It's so rare for a company to actually do the research to see if their greenwashing campaign is actually doing anything for the environment. This is great to see
You really have to put some wear on a piece of plastic to get microplastic particles. Washing polyester clothes and driving cars on "rubber" tires for example.
Or sun exposure - many large chunky plastic items become brittle and fragment after years in the sun.
Then there's shadecloth - literally tens of hundreds of thousands of kilometres of shadecloth woven from plastic fibres that all eventually goes rotten and is replaced.
Tearing old shadecloth down sends tonnes of microplastic into the environment after what frayed and blew away while it was up.
Oh yeah, I left a tarp over a project one summer and was shocked at how much of it flaked off into the yard. At least it was down-slope from the well pump.
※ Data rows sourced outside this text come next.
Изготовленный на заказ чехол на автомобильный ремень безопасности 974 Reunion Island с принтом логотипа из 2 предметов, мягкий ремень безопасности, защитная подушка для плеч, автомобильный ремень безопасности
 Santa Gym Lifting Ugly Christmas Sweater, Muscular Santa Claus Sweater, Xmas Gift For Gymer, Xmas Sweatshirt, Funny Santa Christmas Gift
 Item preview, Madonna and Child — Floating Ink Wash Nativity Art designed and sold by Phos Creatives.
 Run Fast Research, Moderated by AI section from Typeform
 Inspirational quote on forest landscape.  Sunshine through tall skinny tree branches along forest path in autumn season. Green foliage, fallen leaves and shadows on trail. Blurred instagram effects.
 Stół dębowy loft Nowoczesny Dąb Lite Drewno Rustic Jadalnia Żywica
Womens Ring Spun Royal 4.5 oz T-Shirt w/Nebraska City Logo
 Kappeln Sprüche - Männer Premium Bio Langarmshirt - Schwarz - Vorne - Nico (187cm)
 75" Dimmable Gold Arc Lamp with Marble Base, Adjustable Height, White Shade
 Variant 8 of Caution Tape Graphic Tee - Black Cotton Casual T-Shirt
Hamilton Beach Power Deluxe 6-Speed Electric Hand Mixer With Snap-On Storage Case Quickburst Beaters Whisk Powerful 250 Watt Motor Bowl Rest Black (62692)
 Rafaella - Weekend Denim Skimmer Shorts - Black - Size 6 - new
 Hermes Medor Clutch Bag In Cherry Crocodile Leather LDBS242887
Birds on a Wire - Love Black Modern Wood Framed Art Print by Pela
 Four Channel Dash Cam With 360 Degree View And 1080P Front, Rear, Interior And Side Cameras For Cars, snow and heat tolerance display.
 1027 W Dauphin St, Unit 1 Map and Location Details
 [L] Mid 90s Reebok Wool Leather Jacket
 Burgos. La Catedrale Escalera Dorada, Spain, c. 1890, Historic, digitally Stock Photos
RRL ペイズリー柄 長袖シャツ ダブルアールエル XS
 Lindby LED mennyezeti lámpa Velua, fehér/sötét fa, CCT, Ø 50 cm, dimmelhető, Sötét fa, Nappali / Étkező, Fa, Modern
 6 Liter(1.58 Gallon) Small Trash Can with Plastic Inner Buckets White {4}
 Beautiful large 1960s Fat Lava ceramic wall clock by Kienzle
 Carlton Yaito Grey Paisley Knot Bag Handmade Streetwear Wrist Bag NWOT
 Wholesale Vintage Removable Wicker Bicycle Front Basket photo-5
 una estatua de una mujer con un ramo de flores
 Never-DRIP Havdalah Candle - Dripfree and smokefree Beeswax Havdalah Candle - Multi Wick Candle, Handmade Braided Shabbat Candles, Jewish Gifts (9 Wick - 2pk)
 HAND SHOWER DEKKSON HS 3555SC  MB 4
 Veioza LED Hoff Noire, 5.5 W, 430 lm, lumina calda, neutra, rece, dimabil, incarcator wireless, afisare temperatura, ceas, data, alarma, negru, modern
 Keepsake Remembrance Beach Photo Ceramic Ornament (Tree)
Incidentally Lego has a claim to being one of the largest tire manufactures. Apparently they are making more tires than anybody else but of course the tires are tiny.
I was just chatting with friends about my misgivings of gifting Lego sets to my kid. He absolutely loves building them and I enjoy serving as building assistant to him.
But Lego makes thousands of pounds of new plastic toys every year. I’m not sure I want to support that.
We’re looking at buying used bricks in bulk, and you can find instructions online. But then you’re bidding against everyone else.
I really can't see beyond blind value signaling why anyone would want to single out Lego. "It's a really familiar brand and uses plastics - let's take them down a notch". Far too easy and also misplaced.
If all companies made their products as lasting as Lego we would have lot less problems.
Lego should be held as an aspirational role model, not a pariah.
"That's why you should always try to reuse instead of buying new."
I totally agree. I disagreed with targeting specific companies especially when their product is very long lasting with robust resale market (meaning the chances of the product just ending up in a landfill are small).
Lego uses high quality plastic that last generations. I’ve handed down boxes to my kids and it will probably be handed down to theirs. Recycled plastic is lower quality.
> I really can't see beyond blind value signaling why anyone would want to single out Lego
Who is singling out Lego? Every company needs to drastically reduce their consumption of non-renewable resources, their generation of CO2, and their environmental impact. Lego makes 60 billion bricks a year, it's a scale big enough to not get a free pass.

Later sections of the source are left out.